Exercise details:
Look for the line containing "RARE 2000s MINT-EXC" and the line containing "Blumarine crepe midi skirt - Pink" in the entries below. Copy those two and all lines between them exactly, leaving out pictures.

Material provided:
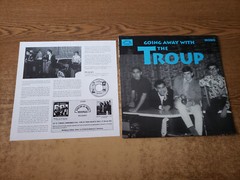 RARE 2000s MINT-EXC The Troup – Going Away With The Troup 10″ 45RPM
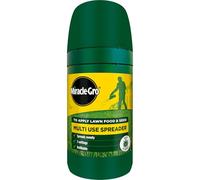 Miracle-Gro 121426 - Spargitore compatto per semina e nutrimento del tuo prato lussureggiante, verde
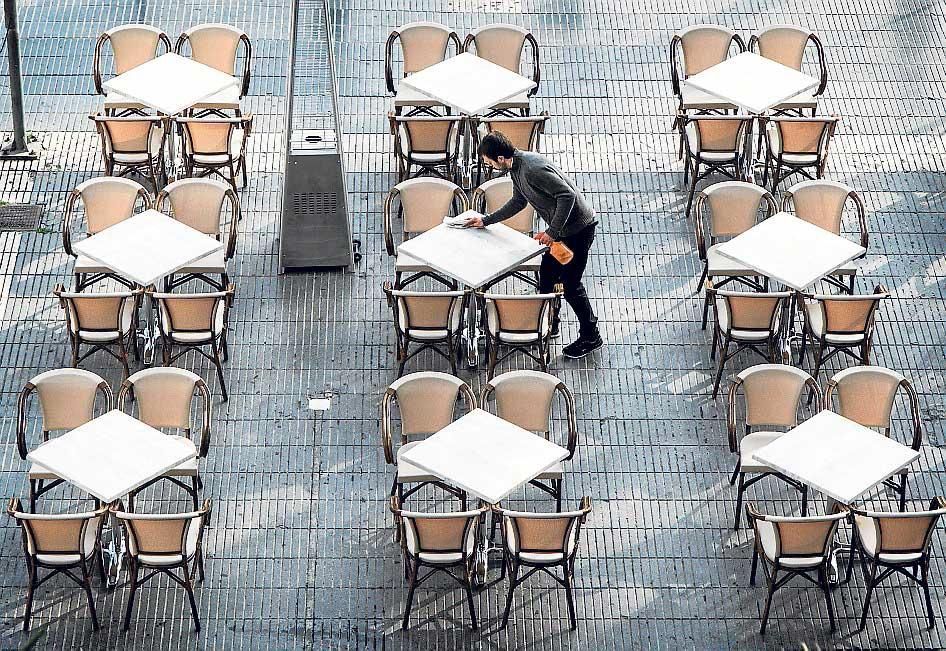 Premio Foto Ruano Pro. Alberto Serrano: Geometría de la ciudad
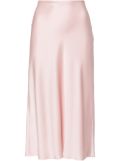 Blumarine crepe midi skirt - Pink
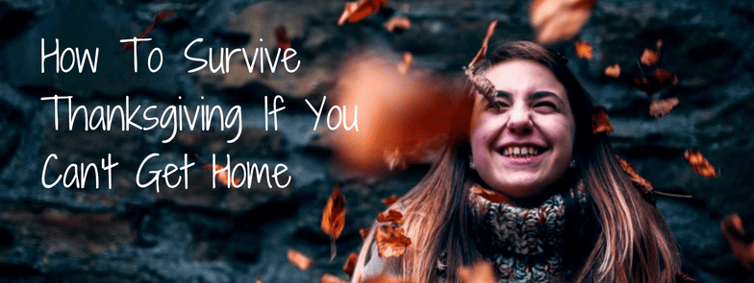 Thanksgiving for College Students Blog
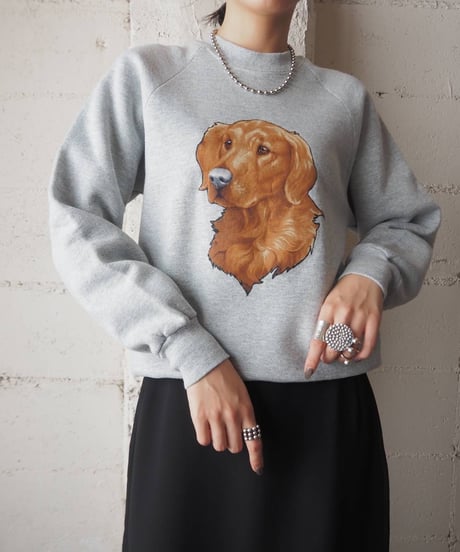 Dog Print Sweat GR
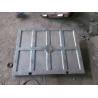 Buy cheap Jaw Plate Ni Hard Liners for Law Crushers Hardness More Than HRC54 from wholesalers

---

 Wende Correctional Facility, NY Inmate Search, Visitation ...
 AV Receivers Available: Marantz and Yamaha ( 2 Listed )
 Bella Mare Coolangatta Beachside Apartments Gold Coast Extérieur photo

==

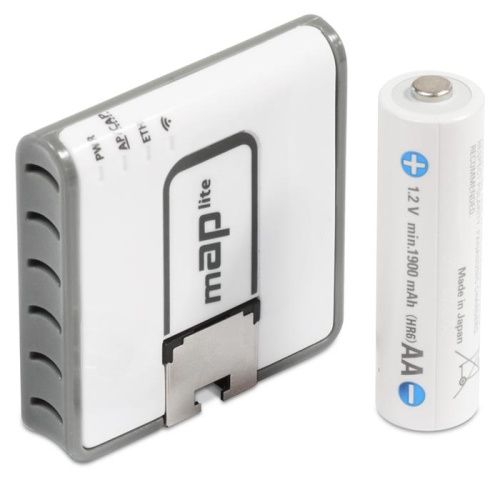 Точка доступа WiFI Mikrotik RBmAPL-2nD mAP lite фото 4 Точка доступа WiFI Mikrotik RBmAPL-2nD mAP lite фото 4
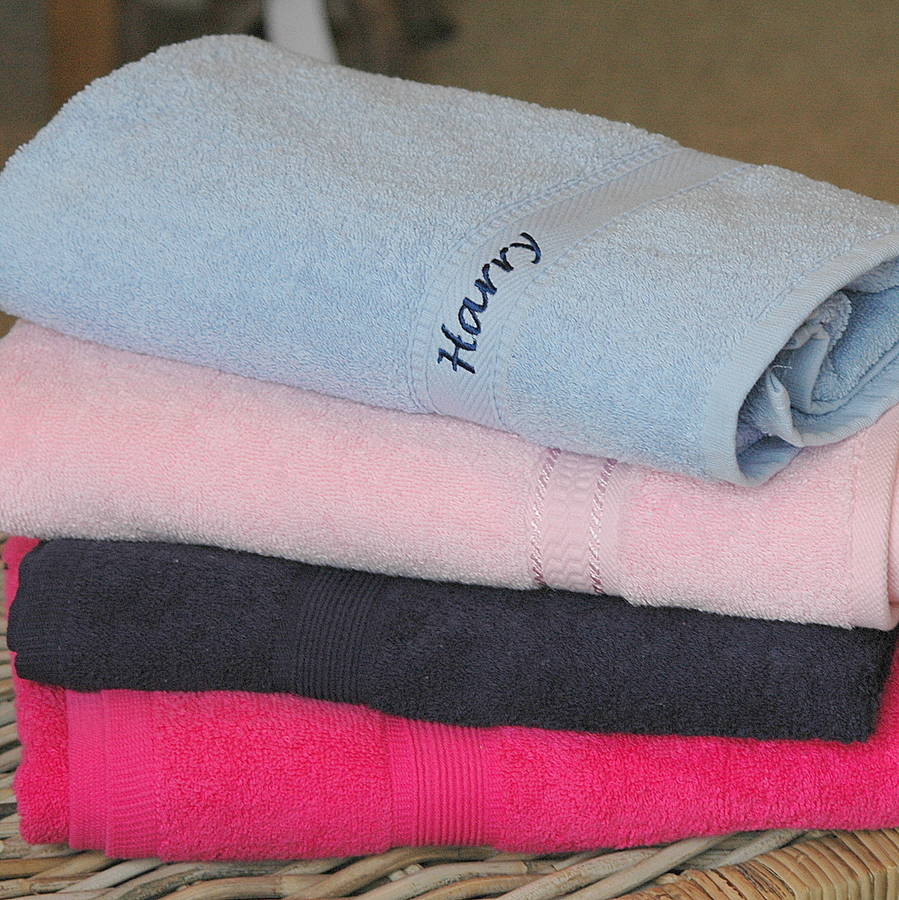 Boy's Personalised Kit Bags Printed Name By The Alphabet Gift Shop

Response below:
 RARE 2000s MINT-EXC The Troup – Going Away With The Troup 10″ 45RPM
 Miracle-Gro 121426 - Spargitore compatto per semina e nutrimento del tuo prato lussureggiante, verde
 Premio Foto Ruano Pro. Alberto Serrano: Geometría de la ciudad
 Blumarine crepe midi skirt - Pink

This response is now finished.